[Stored data entries]
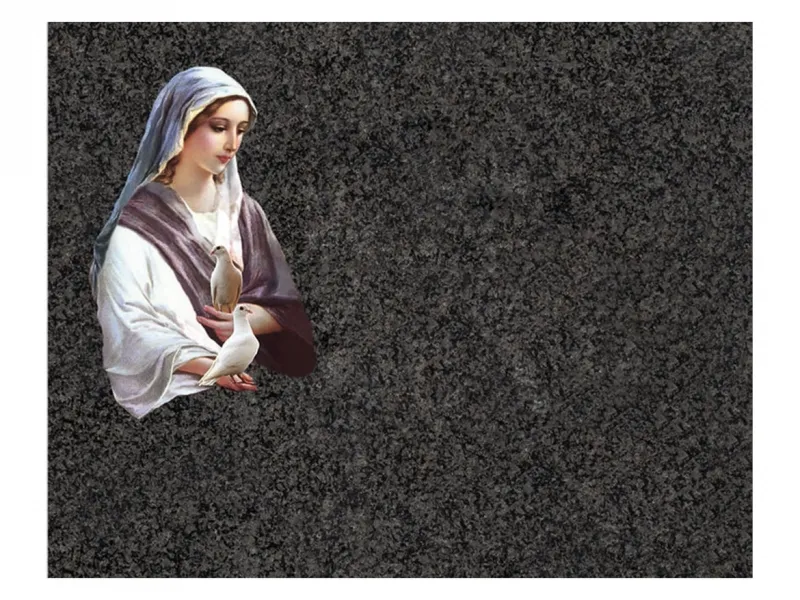 Lápida de nicho Ref. A11 en granito Sudáfrica con imagen incrustada a color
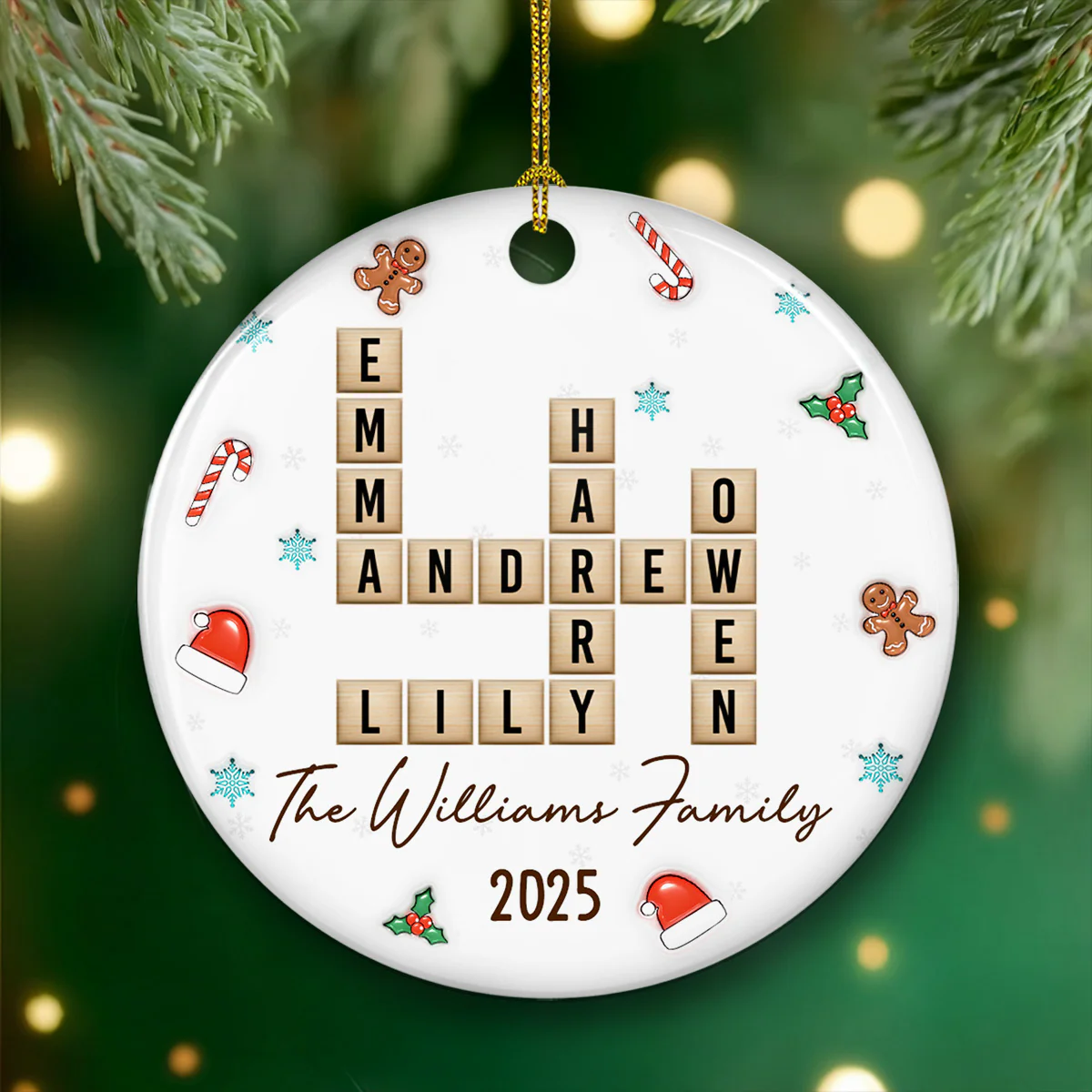 The Best Crossword We Ever Made - Personalized Custom 3D Inflated Effect Ceramic Ornament - Image 2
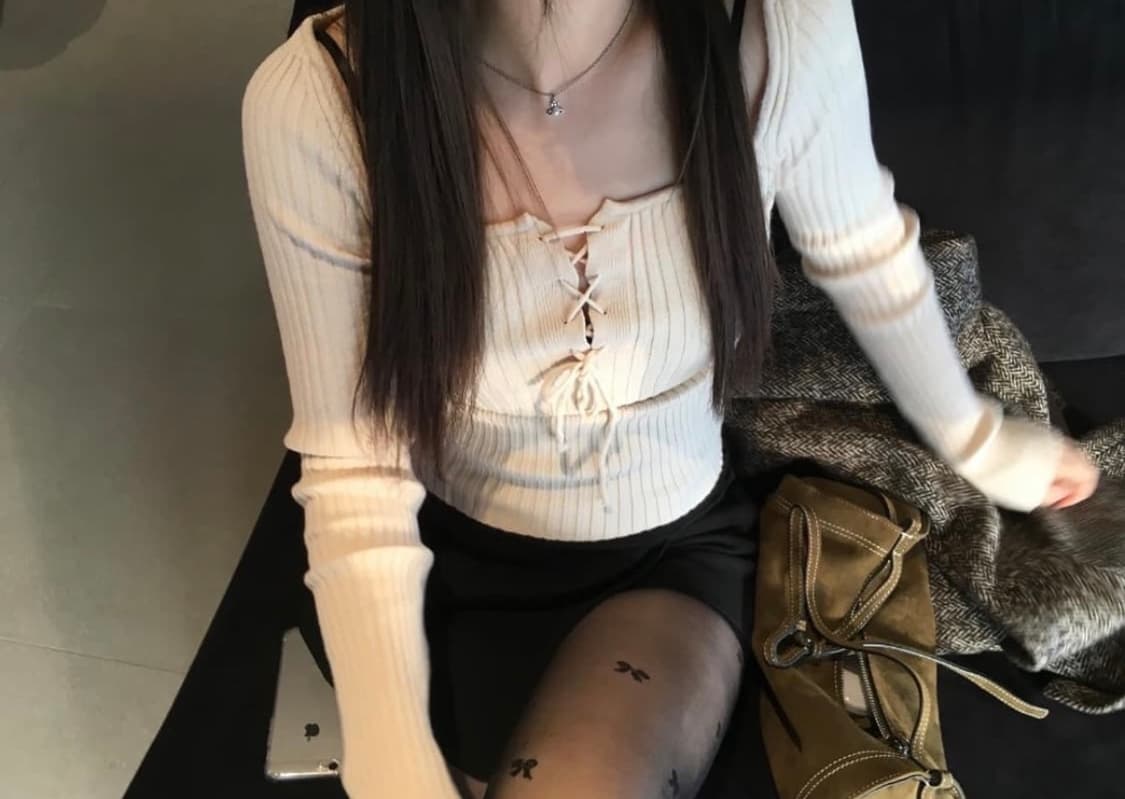 아워캐비넷 ribbon golgi knit 베이지 상품이미지1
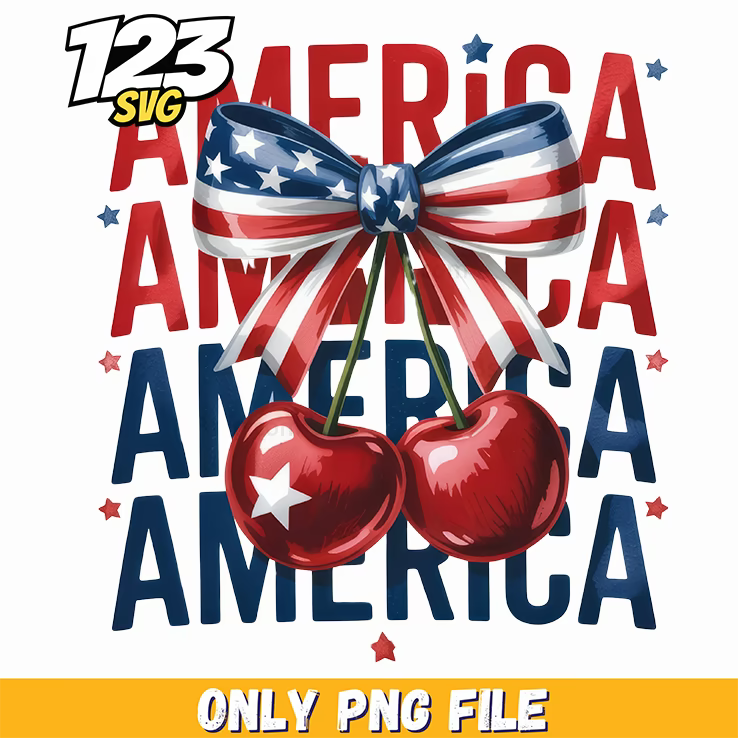 retro america flag cherries bow png, patriotic cherries flag, usa flag cherries and berries - 123SVG Store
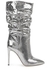 105 silver python-effect leather knee-high boots - Paris Texas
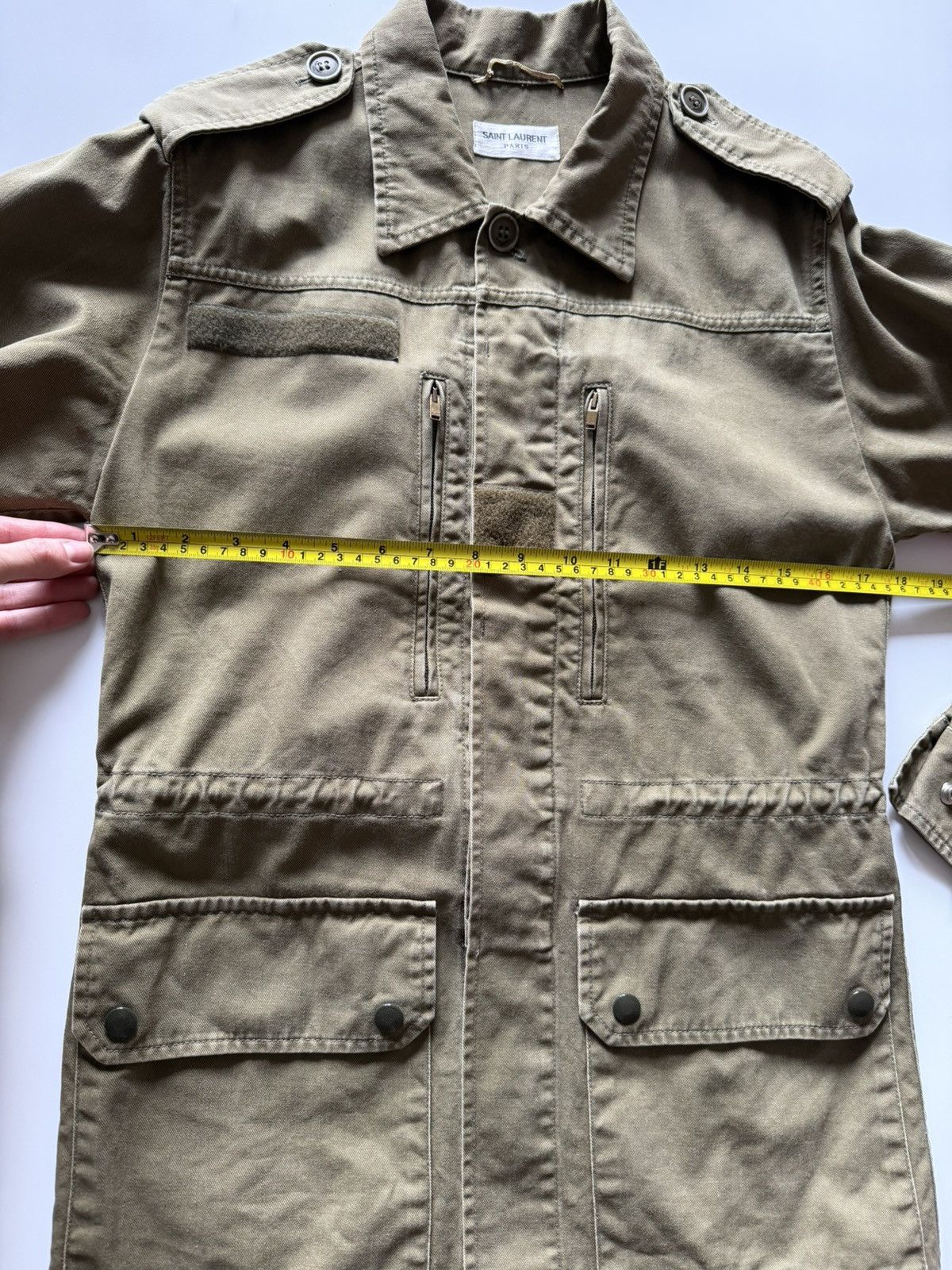 Saint Laurent Paris Saint Laurent Paris 16SS Military Jacket Khaki Size XS / US 0-2 / IT 36-38 - 16 Thumbnail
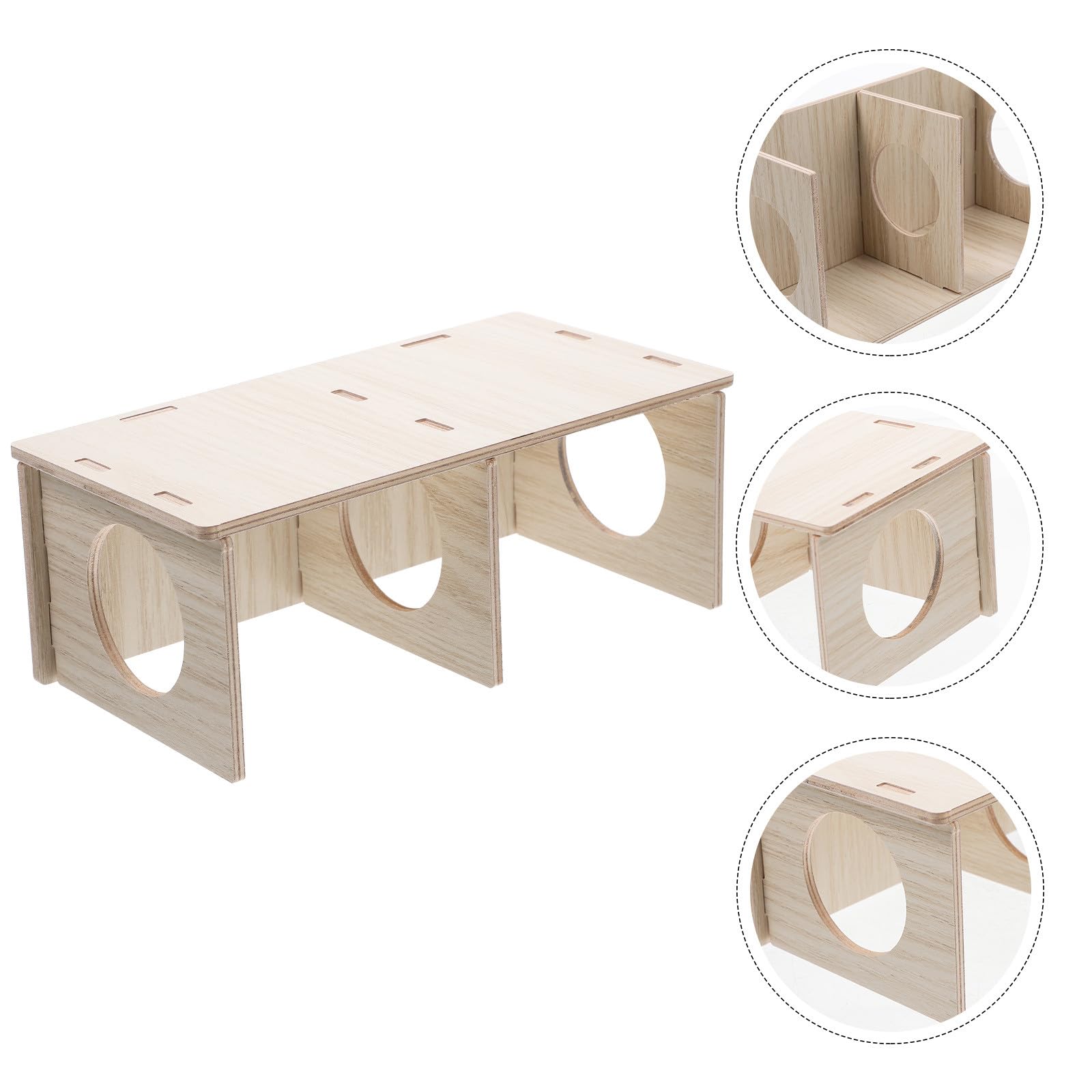 Amosfun Escondite Juguete E Diseño Madera Transparente en Hámster de Dos Habitaciones Masticable Verano E Invierno Adecuado para Conejillos de Indias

_WHAT YOU NEED TO DO_
Leave out the pictures and return, exactly as written, only the lines from the line with "아워캐비넷 ribbon golgi knit 베이지 상품이미지1" through the end of the records above.

_COMPLETED EXERCISE_
 아워캐비넷 ribbon golgi knit 베이지 상품이미지1
 retro america flag cherries bow png, patriotic cherries flag, usa flag cherries and berries - 123SVG Store
 105 silver python-effect leather knee-high boots - Paris Texas
 Saint Laurent Paris Saint Laurent Paris 16SS Military Jacket Khaki Size XS / US 0-2 / IT 36-38 - 16 Thumbnail
 Amosfun Escondite Juguete E Diseño Madera Transparente en Hámster de Dos Habitaciones Masticable Verano E Invierno Adecuado para Conejillos de Indias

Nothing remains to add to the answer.